On February 15, 1987, The New York Times published an article by film critic Janet Maslin titled “Comedies Without Laughs Merit Cries Of Protest,” which focuses on the dispiriting phenomenon of the 1986 Eddie Murphy vehicle The Golden Child selling somewhere in the area of 12 million tickets, despite the film’s appalling paucity of laughs. Of The Golden Child’s audience, Maslin writes, “It may be that not one of them has laughed while watching it, not even once” before modifying her assertion just slightly to acknowledge:
Audiences sit through The Golden Child in near-total silence, and only occasionally does the film elicit any reaction. They watch, in what can only be bewilderment, as exotic locations, fake-looking stunts and incomprehensible special effects parade wearily across the screen. They may chuckle at Mr. Murphy's very infrequent wisecracks—some of the humorous material was reportedly added when the film was almost finished, to give it a much-needed boost—but none of the jokes is memorable. Nor is anything else about The Golden Child, but that need not slow its momentum. It’s already in orbit, and now it can stay there.
Maslin isn’t saying she personally did not find The Golden Child amusing: She’s making a blanket generalization about how the entire viewing public processed The Golden Child. Taste is inherently subjective, and few film genres are more subjective than comedy, yet Maslin’s phrasing suggests that, objectively speaking, The Golden Child simply is not funny.
This doesn’t qualify as a particularly bold assertion. In both in the moment of its release and in the 27 years since, a near-universal consensus has formed that The Golden Child isn’t funny. The film has paradoxically become infamous for its forgettability. It’s the perfect example of a strange breed of film: movies that seemingly no one remembers that nevertheless gross small fortunes.
As a testament to the subjectivity of comedy, a little later in her essay, Maslin quips that due to its commercial success and future ubiquity on home video and television:
The Golden Child may be billed as a comedy classic. It can sit there, on a shelf besides Spies Like Us and Three Amigos and Ghostbusters and Legal Eagles, on the shelf reserved for Non-Movies of the ’80s. And it will fit in perfectly: Clerks will be able to recommend it to customers in good conscience. But this is a film that was never well liked, not even when it was new. Why does it deserve to live forever?

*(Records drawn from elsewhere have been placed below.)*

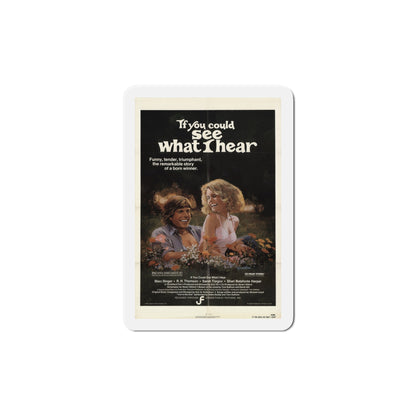 If You Could See What I Hear 1982 Movie Poster Die-Cut Magnet-6 × 6"-The Sticker Space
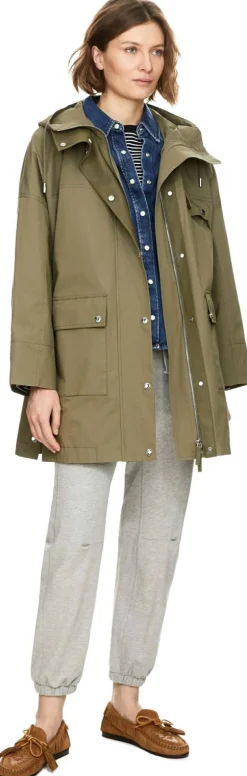 Taillierter Parka Khaki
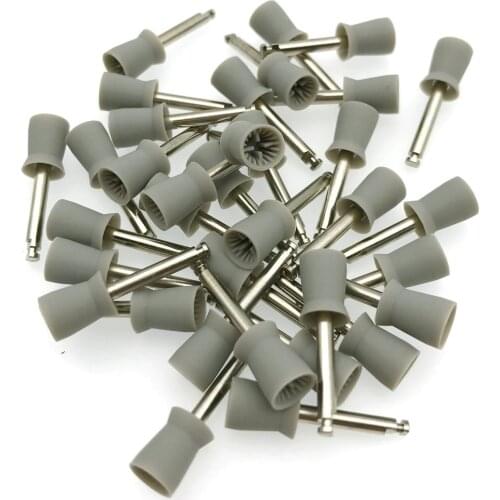 100 PCS Dental Polishing Prophy Cup Brush grey Color Latch Type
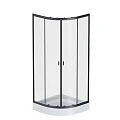 Душевой уголок AM.PM X-Joy 80x80см W88G-205-080BT профиль черный, стекло прозрачное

History has treated the films Maslin singles out as the “Non-Movies of the ’80s” differently. Though it grossed just under $50 million domestically and was the 14th top-grossing film of 1986 (that was back when $50 million was still a lot of money), Legal Eagles is widely regarded as a flop, due to both its massive budget and its forgettability. Spies Like Us has not aged well, but having visited an officially licensed Three Amigos-themed cantina in Cozumel, Mexico a quarter-century after the film’s release, I can personally vouch that the film has resonated across the culture in weird, persistent, apparently international ways. And many of my Gen-X colleagues would describe Ghostbusters as one of the movies of the 1980s, a comedy touchstone with such a massive presence in the culture that fans continue to obsess about a third entry as if trying to will it into existence.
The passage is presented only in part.